## Problem details
Output exactly, in the material below, the lines from the one with "Dulce - Babydoll Rosa Plus Size" through the one with "Milliot & Co.". Omit all pictures.

## Records
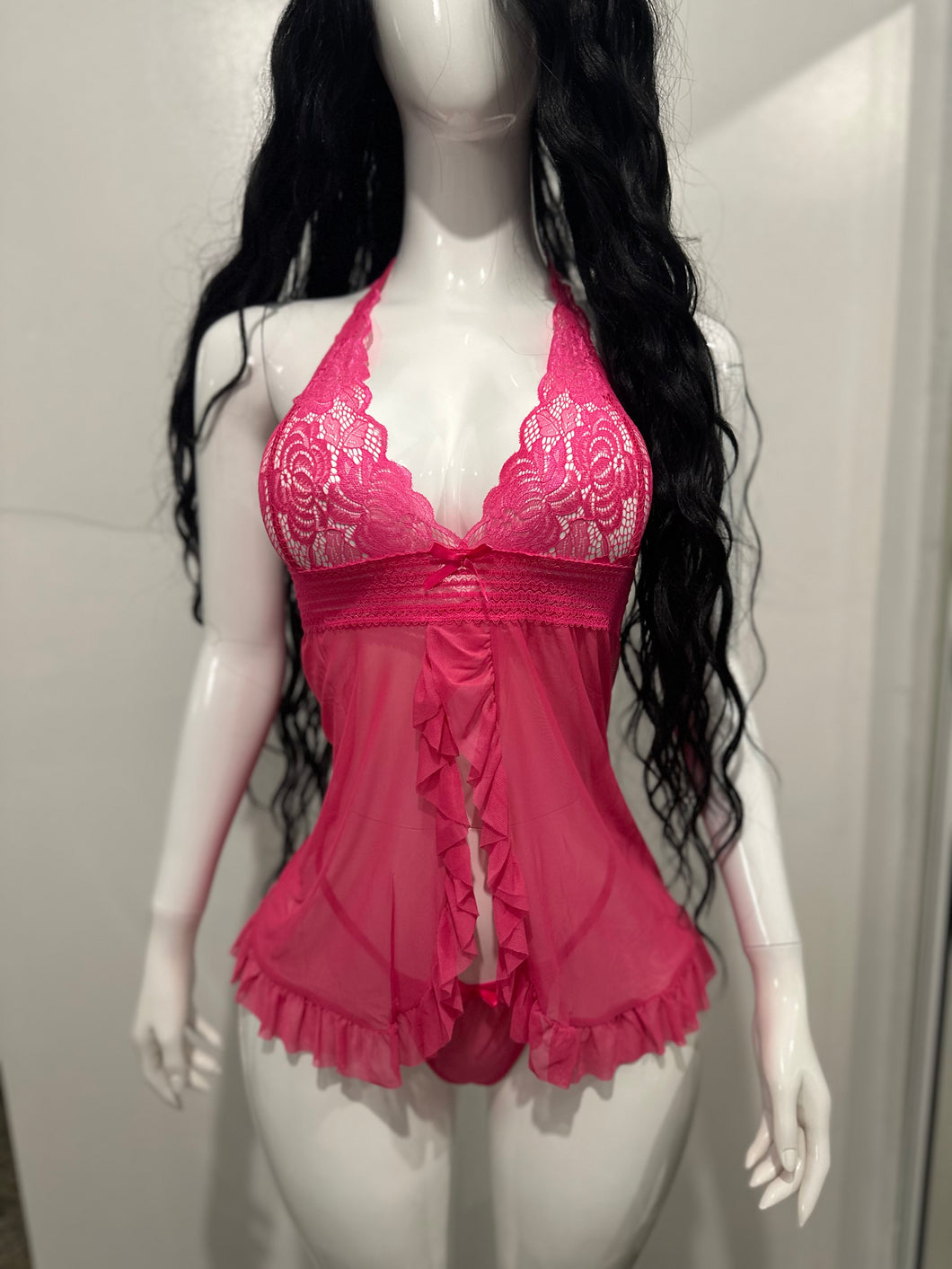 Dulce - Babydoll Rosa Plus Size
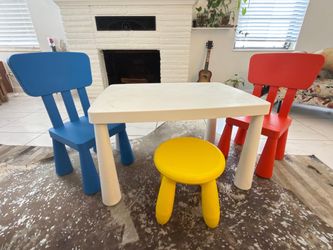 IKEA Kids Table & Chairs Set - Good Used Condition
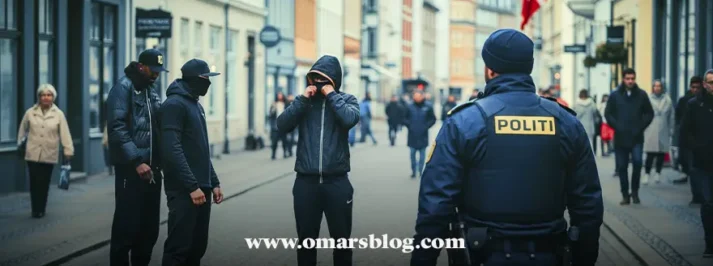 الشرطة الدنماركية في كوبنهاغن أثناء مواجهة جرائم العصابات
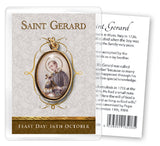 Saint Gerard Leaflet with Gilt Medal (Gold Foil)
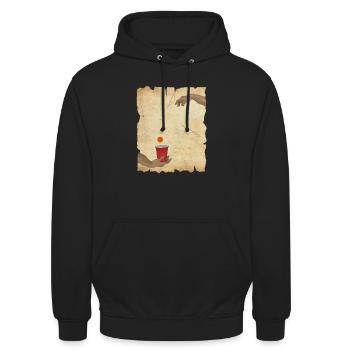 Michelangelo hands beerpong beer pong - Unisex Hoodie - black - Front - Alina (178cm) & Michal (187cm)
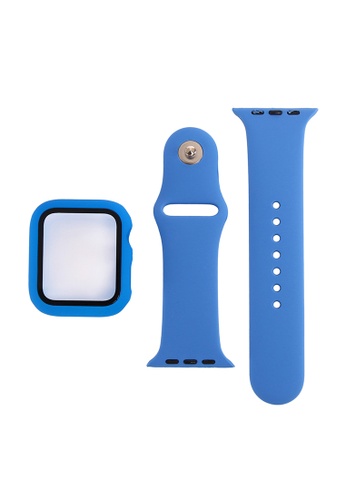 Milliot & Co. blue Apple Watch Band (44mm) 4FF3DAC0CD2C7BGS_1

--

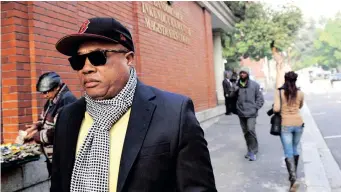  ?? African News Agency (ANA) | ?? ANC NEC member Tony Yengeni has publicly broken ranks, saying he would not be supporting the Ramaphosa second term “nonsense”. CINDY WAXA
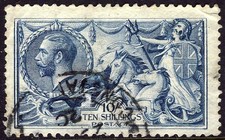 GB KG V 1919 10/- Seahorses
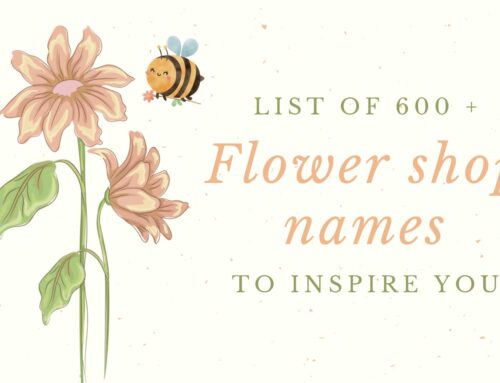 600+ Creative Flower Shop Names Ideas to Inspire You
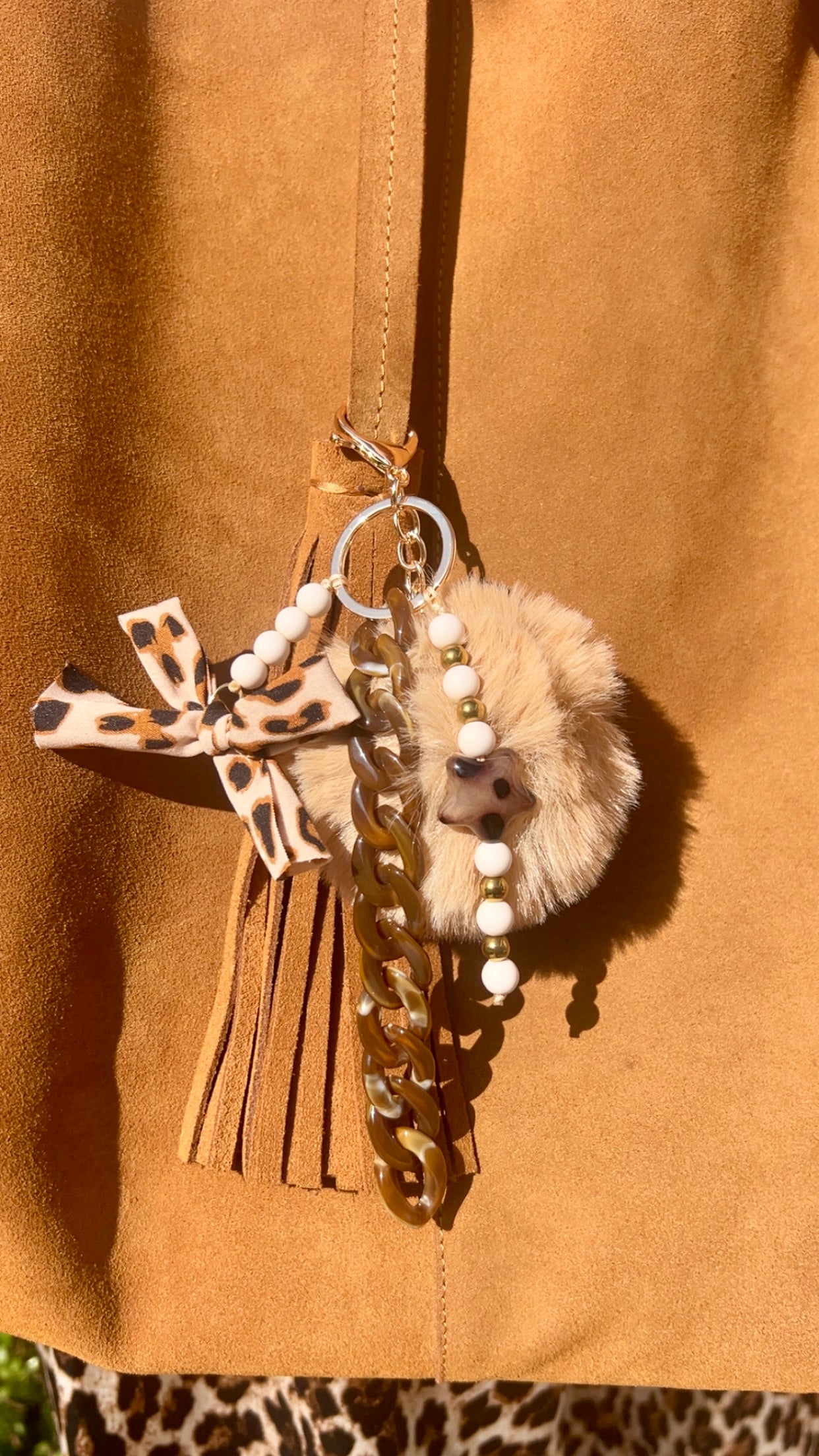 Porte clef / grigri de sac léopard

--

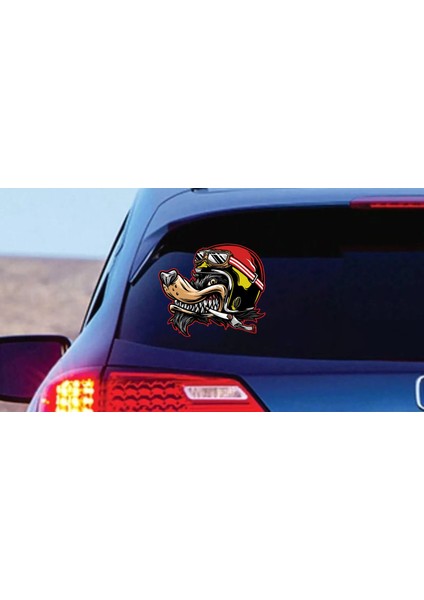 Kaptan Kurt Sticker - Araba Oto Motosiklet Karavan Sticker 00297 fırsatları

## Answer
 Dulce - Babydoll Rosa Plus Size
 IKEA Kids Table & Chairs Set - Good Used Condition
 الشرطة الدنماركية في كوبنهاغن أثناء مواجهة جرائم العصابات
 Saint Gerard Leaflet with Gilt Medal (Gold Foil)
 Michelangelo hands beerpong beer pong - Unisex Hoodie - black - Front - Alina (178cm) & Michal (187cm)
 Milliot & Co. blue Apple Watch Band (44mm) 4FF3DAC0CD2C7BGS_1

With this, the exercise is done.